Hölderlin, o grande poeta idealista que sonhava com a Grécia e procurava insistentemente expressar uma visão mística na qual o ser humano se reconciliaria com a Natureza e com todas as formas do universo, acabou pobre, abandonado pelos familiares, a escrever versos, fechado numa torre
Nietzsche, na sua loucura, vampirizado pela irmã e pelo cunhado fascista que lhes distorceram as palavras e o pensamento, aproximou a Poesia da Música e referiu, em "A Origem da Tragédia, esses deuses, Apolo e Dionísio que para ele representavam um contraste flagrante, tanto nas origens como nos propósitos, entre as artes visuais (plásticas), apolíneas, e as artes não visuais, a música e a poesia (dionisíacas).”   

Assim, faço questão de perguntar de novo em relação à Poesia: o que representa? Qual a sua força? Ah, e já agora, uma vez que vivemos numa sociedade utilitária,” para que serve”? Como aliás, Hélia Correia começa por dizer em “A Terceira Miséria”, questionando, na sua infinita sabedoria, algo muito pertinente: “ para que servem os poetas em tempos de indigência?”

De onde vem a Poesia? Do cérebro como afirma Freud? Do corpo, desse corpo que segundo Hélia Correia “contém as armas” do pensamento que nos leva a resgatar a ideia da polis? Do coração, desse órgão vital e palpitante que representa a vida esfusiante, como clamavam os românticos? Dos dedos ágeis da poetisa ou do poeta que pega na pena ou na caneta – ou martela o teclado do computador? Dos seus músculos – porque há poesia bem musculada? Da sua língua que murmura palavras? Da sua “alma” esse lugar misterioso, recôndito e abstracto?
Sigmund Freud afirmou que o cérebro é exactamente um órgão fazedor de poesia.
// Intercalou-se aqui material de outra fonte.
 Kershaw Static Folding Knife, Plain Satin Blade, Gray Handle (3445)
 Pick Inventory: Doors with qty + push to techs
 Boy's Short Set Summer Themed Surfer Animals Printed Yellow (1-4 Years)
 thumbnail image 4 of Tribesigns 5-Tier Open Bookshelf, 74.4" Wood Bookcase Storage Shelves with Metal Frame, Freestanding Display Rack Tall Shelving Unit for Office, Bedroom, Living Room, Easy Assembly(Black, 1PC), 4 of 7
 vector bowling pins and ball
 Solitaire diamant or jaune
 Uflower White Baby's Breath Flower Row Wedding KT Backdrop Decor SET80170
Para ele, a Poesia seria uma espécie de emanação proveniente do inconsciente – mais tarde alterou um pouco esta ideia – mas, o importante é que Freud transformou por completo a ideia da poesia. De um sopro dos deuses, da inspiração divina como proclamavam os Antigos, passou para um funcionamento orgânico o que, diga-se de passagem foi bastante subversivo mas absolutamente consistente com a sua época. Para Freud o cérebro funciona sob o garrote da lógica mas a poesia, como outras manifestações (os sonhos, por exemplo) escapam a essa tirania, partem daí e soltam-se. E embora façam parte integrante do poeta, habitando o seu eu corpóreo, a sua mente, onde se encontram enrolados como gatos, mais ou menos adormecidos, estão prontos a saltar e a escaparem-se no dorso das palavras. Um acto de libertação, em suma.

Agrada-me a ideia da Poesia ligada à liberdade.
Agrada-me a ideia de Shelley na sua  Defesa da Poesia  quando afirma orgulhosamente que  “Um poema é a própria imagem da vida, expressa na sua verdade eterna”
O grande romântico era romântico e impetuoso mas não era nada tolo.

Se pensarmos ainda em Aristóteles, recordemos que a Poesia deve provocar a “catarse” – um processo de que fala o filósofo grego (ainda não se sabe bem de que se trata verdadeiramente) – catarse essa que se supõe ser aquilo a que se chama “purga”.

E que felizes seríamos se os políticos contemporâneos, que se impõem a nós com violência cega e sem freio, lessem Shelley, Holderlin, Nietzsche, Maria Teresa Horta, Hélia Correia, tantos, tantos poetas e poetisas que pronunciam as palavras justas e certeiras, que constroem o discurso da justiça e da liberdade? Que bom seria se os fracos legisladores de agora trocassem a malfadada austeridade, a carga feroz sobre as nossas costas – que provoca o desequilíbrio, a queda e o desmembrar do tecido da “polis” – por doses maciças de Poesia para nos “purgar” definitivamente!!!
Vivemos um tempo de hecatombe, de holocausto cultural. Dos grandes pensadores restam poucos, George Steiner, Claudio Magris, Eduardo Lourenço – da autoridade do pensamento, da filosofia e da poesia passámos a estar sujeitos ao despotismo financeiro. Estamos à mercê de banqueiros e economistas. É preciso pegar em armas, essas armas de que fala Hélia Correia, as de que dispomos, o nosso corpo, a nossa voz.
Regresso a Percy Shelley – Ele que gritou bem alto “somos todos gregos!” – que escreveu quase no fim da sua  “A Defesa da Poesia”:
“O mais fiel arauto, o companheiro do despertar de um grande povo para operar uma mudança benéfica nas opiniões e nas instituições, é a POESIA… e acrescenta: Os poetas são os hierofantes de uma inspiração inapreendida; os espelhos das gigantescas sombras que o futuro lança sobre o presente; as palavras que exprimem o que não compreendemos; as trombetas que conduzem à batalha e não sentem o que inspiram; a influência que não é movida, mas move.”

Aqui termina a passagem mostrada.